No such dig at Henry Norris was published by Drew/Merula in CJ that season.  Norris was allowed to use his ‘Board Room Notes’ column to get at the fans, without any restraint (they’d been complaining about team selection) and Drew/Merula was more careful when writing his match reports.  It helped, of course, that Fulham FC had a good second-half of the season, until a poor Easter denied them immediate promotion to Football League Division One.  Drew/Merula confined his negative comments to the wider football scene, particularly the break-away from the Football Association of the public school amateur teams to form their own Amateur FA where they were intending to play only each other.  It seems to have been OK for him to write negatively - even scathingly - of the AFA, because it wasn’t a subject that Henry Norris seems to have had the slightest interest in!

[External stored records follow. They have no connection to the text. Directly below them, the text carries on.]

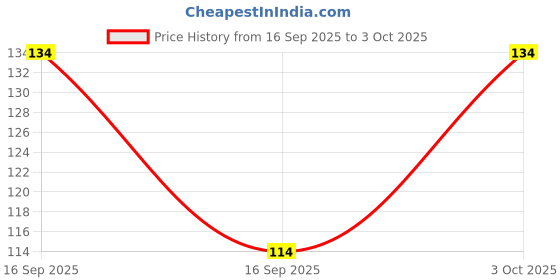 flipkart.com classymessi Solid, Self Design Sports/Regular Cap classymessi Price History Graph from 16 Sep 2025 to 3 Oct 2025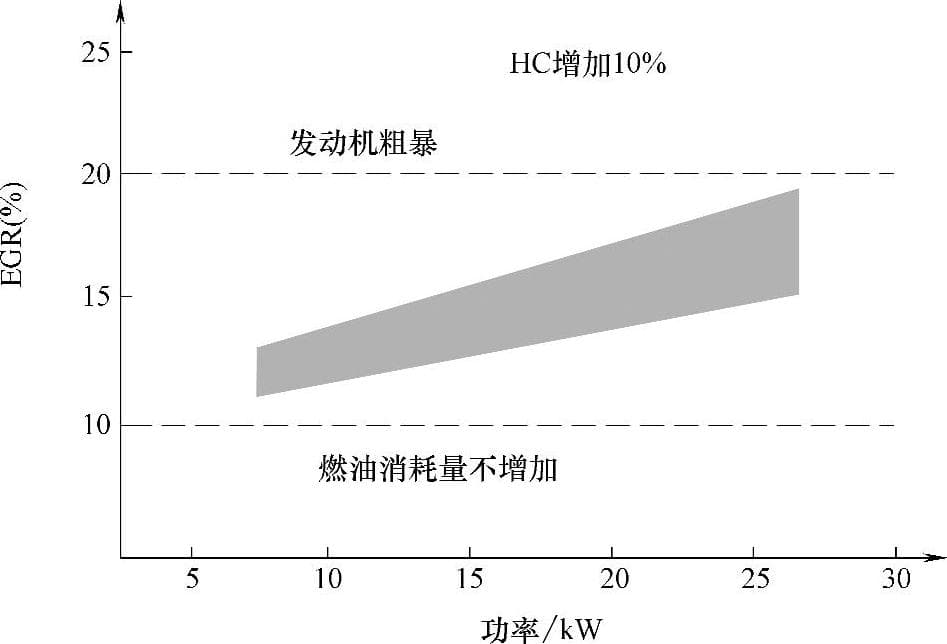 汽车废气再循环系统控制原理详解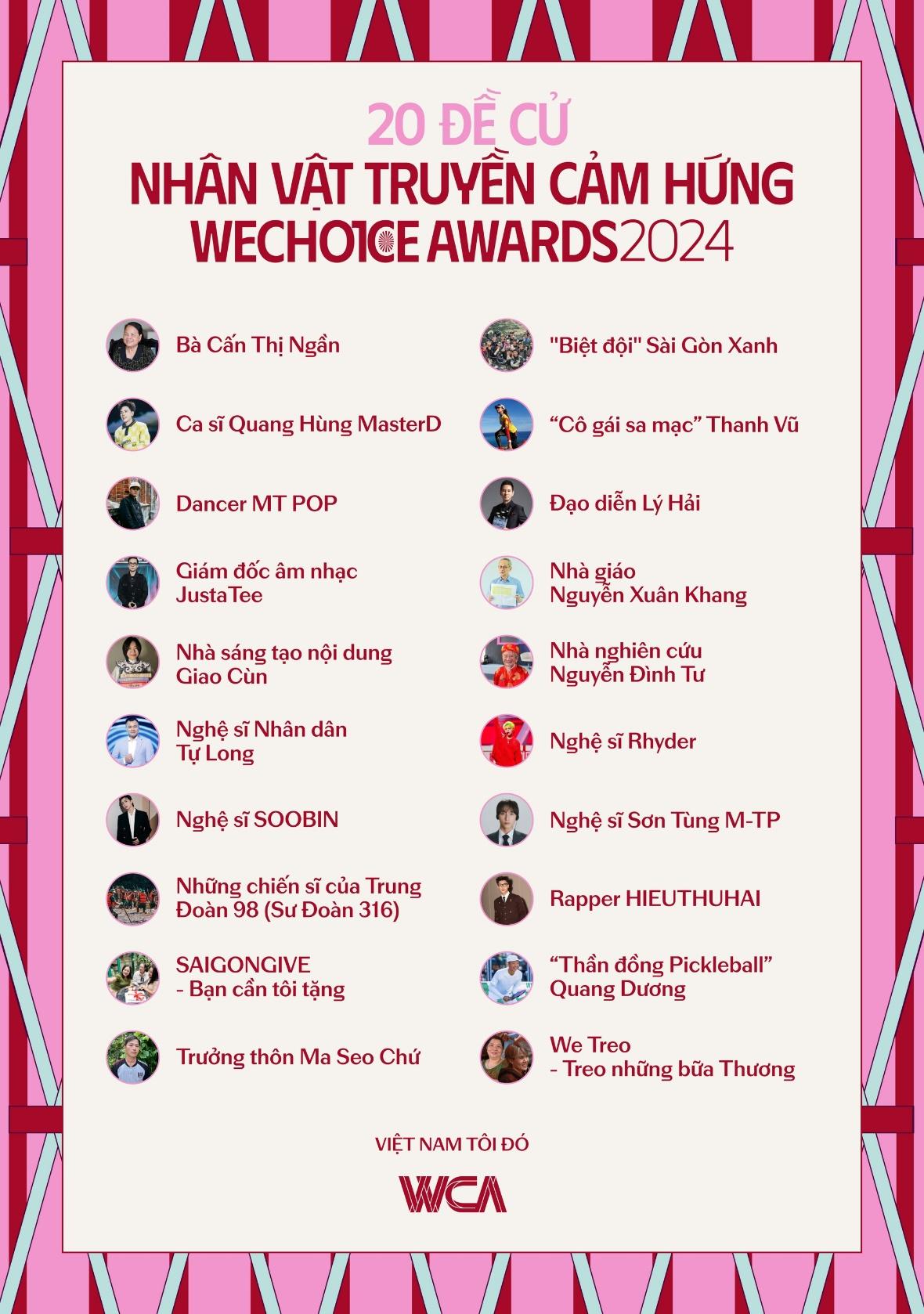 WeChoice Awards 2024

After their great bust-up, both Drew/Merula and Henry Norris seem to have made an effort to acknowledge the other man’s good characteristics.  Drew/Merula signed off his first season as editor of CJ with a column in praise of Norris as rumours went round Fulham that he would be resigning from the club to pursue his political ambitions.  It’s easy to discover the best in someone if you’re about to see the back of him!

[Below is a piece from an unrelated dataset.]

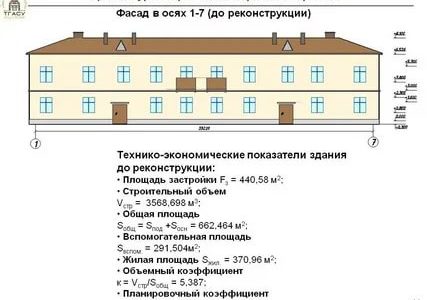 Как высчитать площадь фасада здания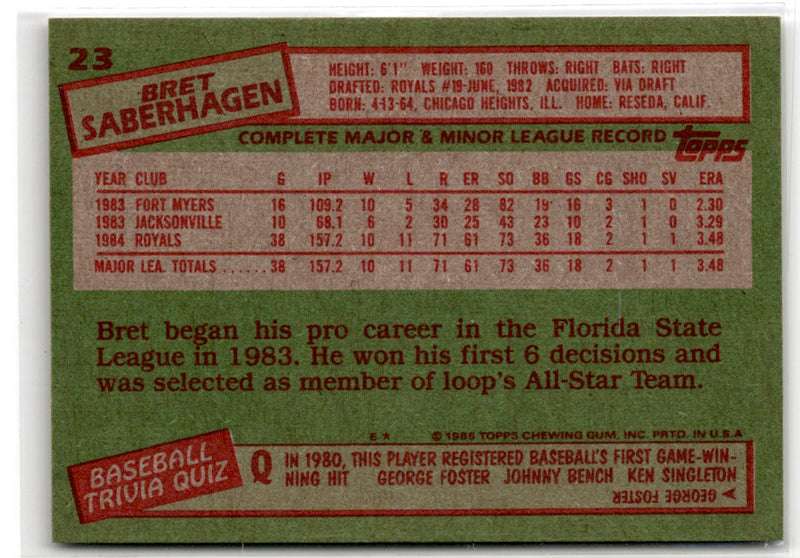 1985 Topps Bret Saberhagen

The rumours were partly right: Norris gave up the chairmanship of Fulham FC, though he continued his role as the man at the club most likely to object to its press coverage.  William Hall took over as chairman and as writer of CJ’s ‘Board-Room Notes’ column.  In the first issue of season 1908/09, Saturday 22 August 1908, the column said of Drew/Merula’s role as editor, “statements have been made that his notes are inspired by the Board.  Such, however, is not the case”, he was “in no way connected with the management”.  And under William Hall, this was true - Drew/Merula never had any trouble with him!  After the game on 27 March 1908, Fulham 1 Clapton Orient 2, ‘Board-Room Notes’ even joined in Drew/Merula’s criticism of a particularly dire performance - something I don’t think Henry Norris would have done.


I think that Henry Norris ended Drew/Merula’s first season as CJ’s editor thinking that he’d actually done quite a good job.  Otherwise I don’t think Drew/Merula would have got mixed up in Norris’ attempt to found his own sports newspaper  - Football Chat.  Though it’s just possible that Drew/Merula, like Henry Norris, bought shares in it.